═══ Supplied data ═══

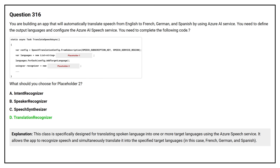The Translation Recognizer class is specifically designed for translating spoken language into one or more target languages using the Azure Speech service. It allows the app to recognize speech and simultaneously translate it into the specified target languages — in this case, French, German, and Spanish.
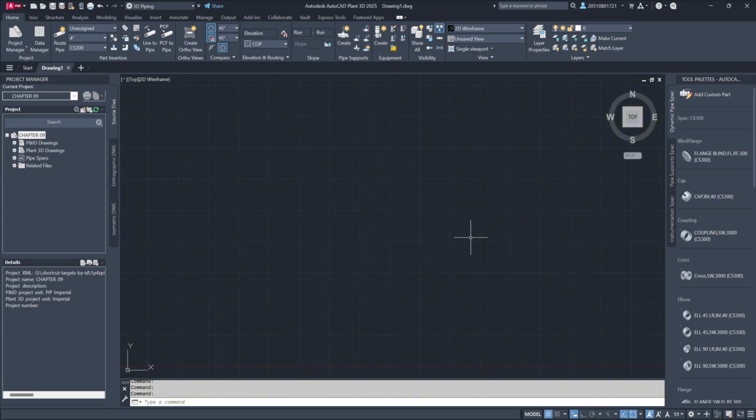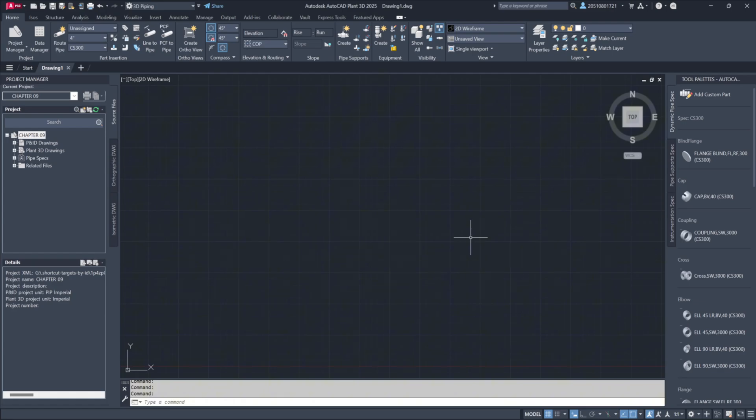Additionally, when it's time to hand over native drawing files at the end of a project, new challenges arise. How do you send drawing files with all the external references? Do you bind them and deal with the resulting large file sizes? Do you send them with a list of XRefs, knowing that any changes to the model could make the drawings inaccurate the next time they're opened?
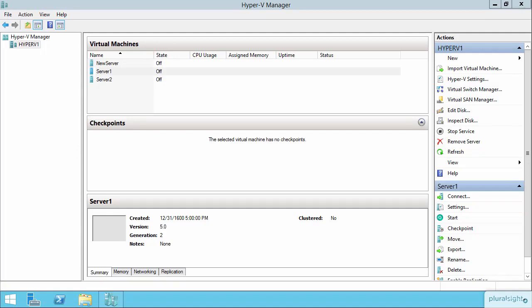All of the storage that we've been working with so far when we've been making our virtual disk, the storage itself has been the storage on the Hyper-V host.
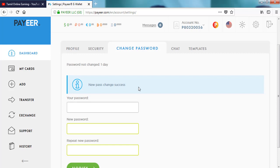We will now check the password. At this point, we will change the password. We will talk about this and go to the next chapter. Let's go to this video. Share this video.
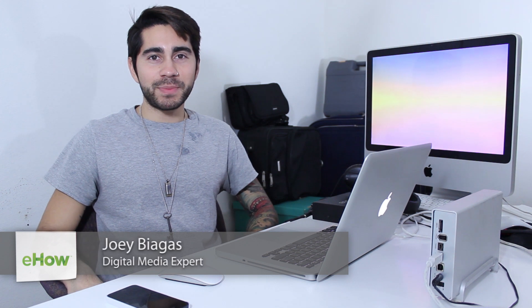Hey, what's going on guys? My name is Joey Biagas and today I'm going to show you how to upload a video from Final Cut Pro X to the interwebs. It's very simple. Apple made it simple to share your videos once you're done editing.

═══
═══ Supplied data ═══

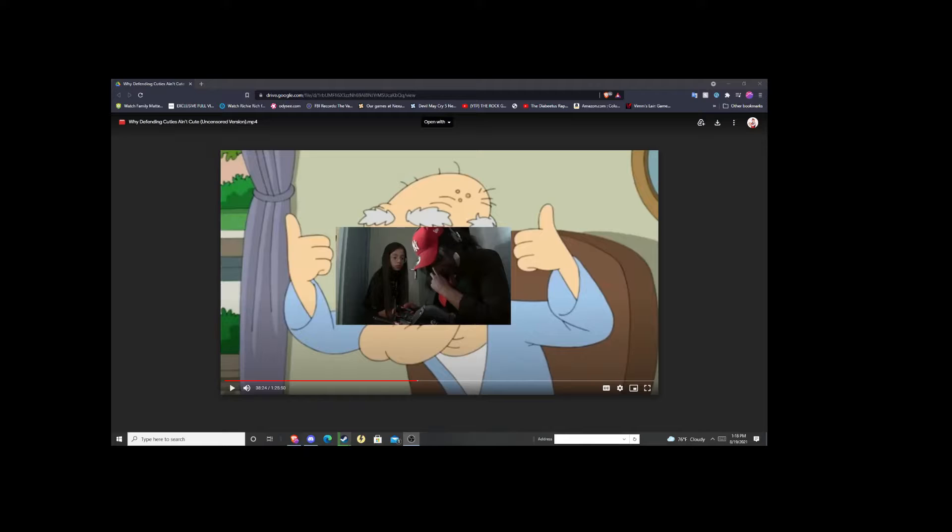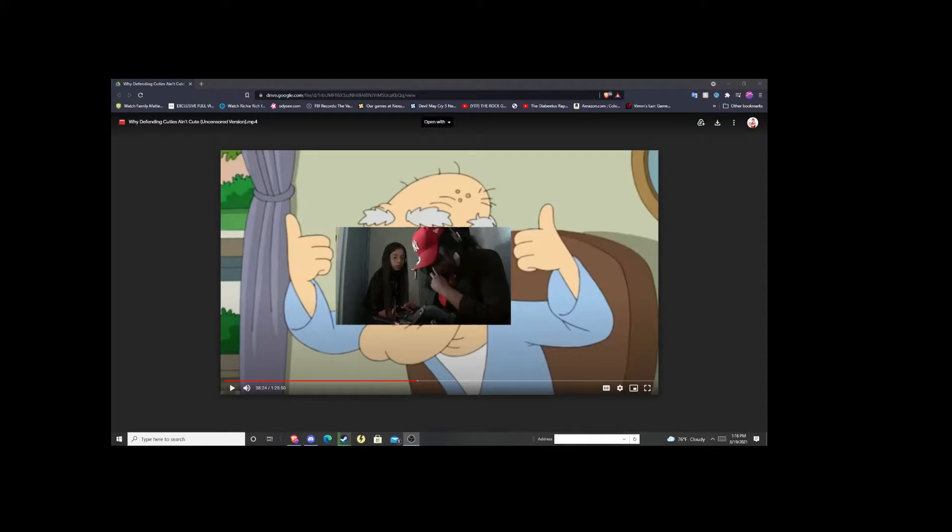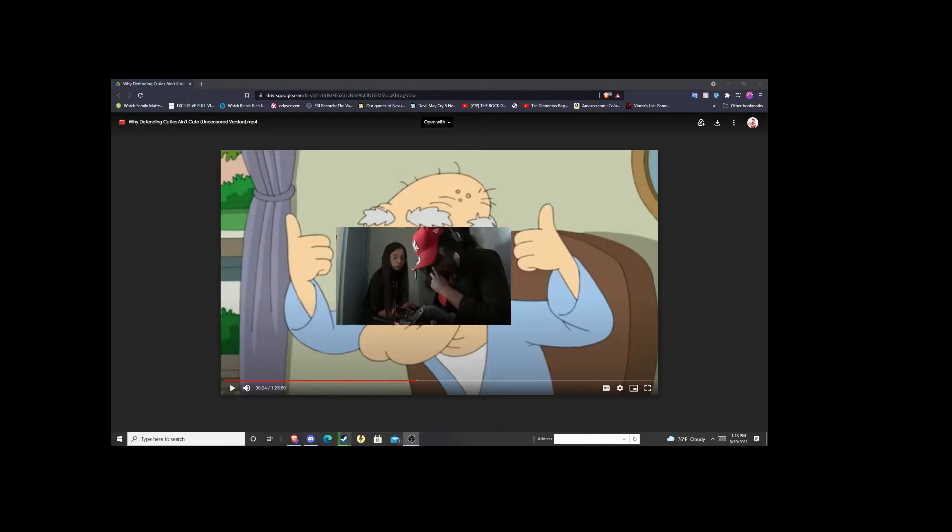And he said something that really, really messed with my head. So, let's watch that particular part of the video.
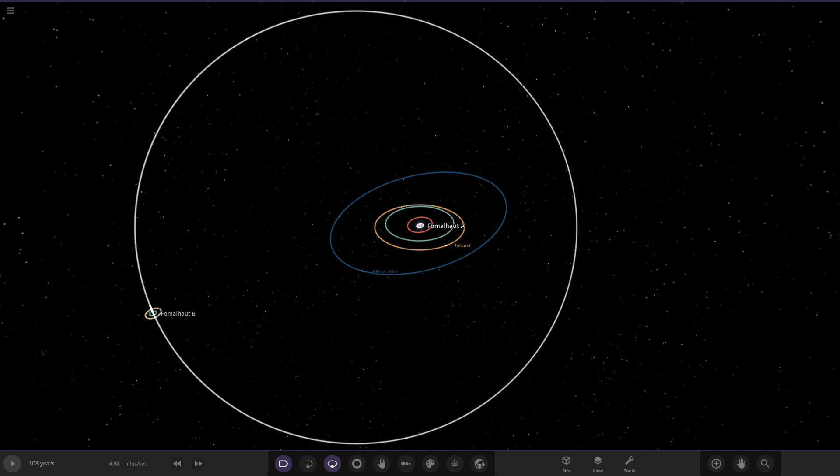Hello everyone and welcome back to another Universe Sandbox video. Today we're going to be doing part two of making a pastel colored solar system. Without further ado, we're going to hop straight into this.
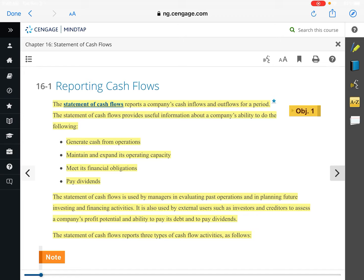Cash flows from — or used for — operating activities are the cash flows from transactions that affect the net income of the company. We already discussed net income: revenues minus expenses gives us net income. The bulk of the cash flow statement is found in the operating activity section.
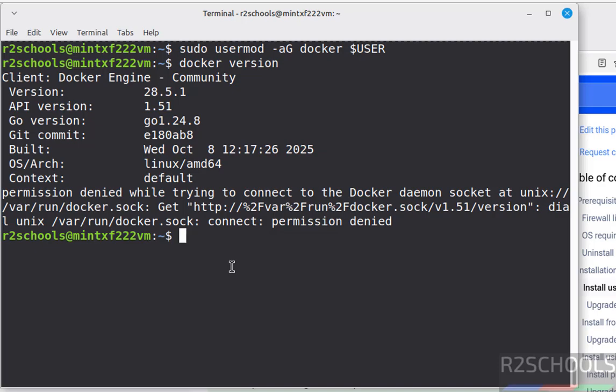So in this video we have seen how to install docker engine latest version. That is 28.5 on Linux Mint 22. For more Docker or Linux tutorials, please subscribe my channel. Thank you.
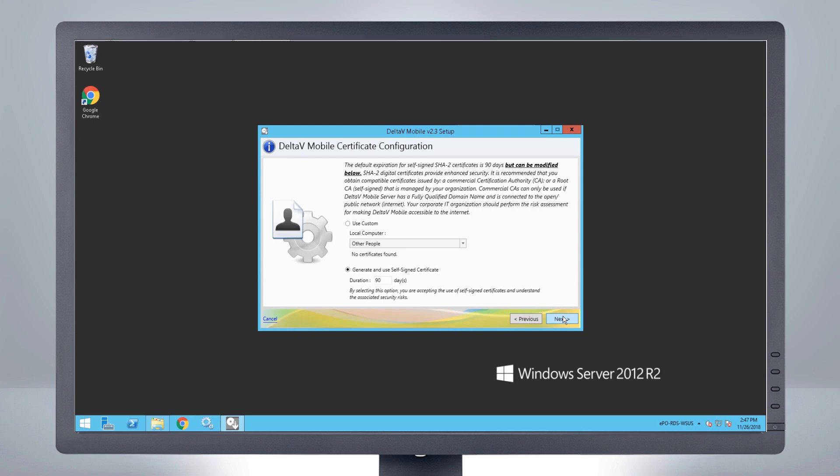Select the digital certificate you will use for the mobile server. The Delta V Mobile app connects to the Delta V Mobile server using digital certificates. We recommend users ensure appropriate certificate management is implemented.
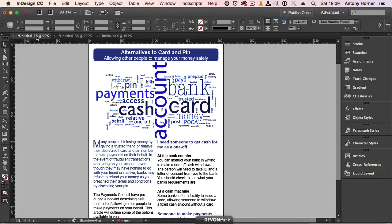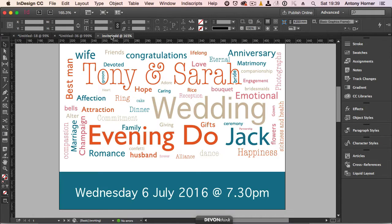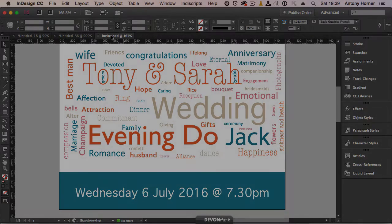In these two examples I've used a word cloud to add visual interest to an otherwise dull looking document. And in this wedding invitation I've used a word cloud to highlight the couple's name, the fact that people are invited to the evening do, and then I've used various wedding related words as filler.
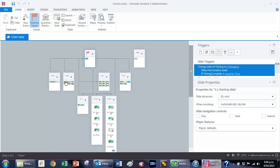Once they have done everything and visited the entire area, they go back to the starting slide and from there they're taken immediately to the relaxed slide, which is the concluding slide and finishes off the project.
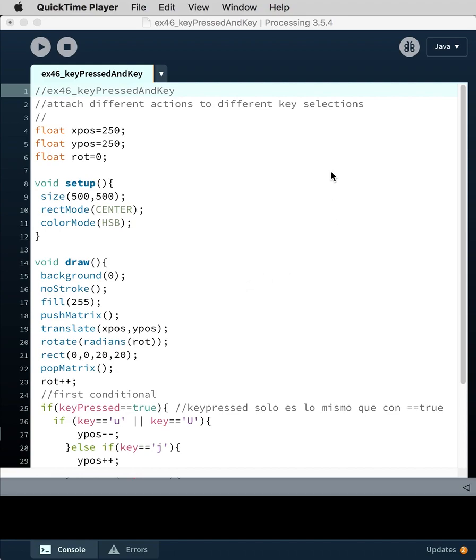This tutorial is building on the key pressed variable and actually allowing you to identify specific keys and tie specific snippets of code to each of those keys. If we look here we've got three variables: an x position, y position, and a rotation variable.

═══
═══ Supplied data ═══

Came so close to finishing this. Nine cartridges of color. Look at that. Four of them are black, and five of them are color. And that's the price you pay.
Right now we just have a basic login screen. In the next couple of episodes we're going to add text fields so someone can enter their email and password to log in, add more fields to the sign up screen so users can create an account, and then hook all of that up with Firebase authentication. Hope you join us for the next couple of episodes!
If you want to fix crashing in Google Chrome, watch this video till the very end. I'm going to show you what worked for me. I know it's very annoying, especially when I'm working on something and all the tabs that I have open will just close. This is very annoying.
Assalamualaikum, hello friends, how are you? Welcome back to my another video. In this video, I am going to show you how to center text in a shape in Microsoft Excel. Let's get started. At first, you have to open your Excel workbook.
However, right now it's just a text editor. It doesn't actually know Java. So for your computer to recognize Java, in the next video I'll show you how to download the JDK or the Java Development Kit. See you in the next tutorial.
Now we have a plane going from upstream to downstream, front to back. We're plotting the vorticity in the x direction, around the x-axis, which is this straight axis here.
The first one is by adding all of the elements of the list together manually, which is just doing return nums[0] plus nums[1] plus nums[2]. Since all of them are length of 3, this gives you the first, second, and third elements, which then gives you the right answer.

═══

_Task directions_
Within the listing above, locate the line containing "Assalamualaikum, hello friends, how" and the line containing "However, right now". Reproduce those two lines and all lines between them exactly, with nothing added.

_Task output_
Assalamualaikum, hello friends, how are you? Welcome back to my another video. In this video, I am going to show you how to center text in a shape in Microsoft Excel. Let's get started. At first, you have to open your Excel workbook.
However, right now it's just a text editor. It doesn't actually know Java. So for your computer to recognize Java, in the next video I'll show you how to download the JDK or the Java Development Kit. See you in the next tutorial.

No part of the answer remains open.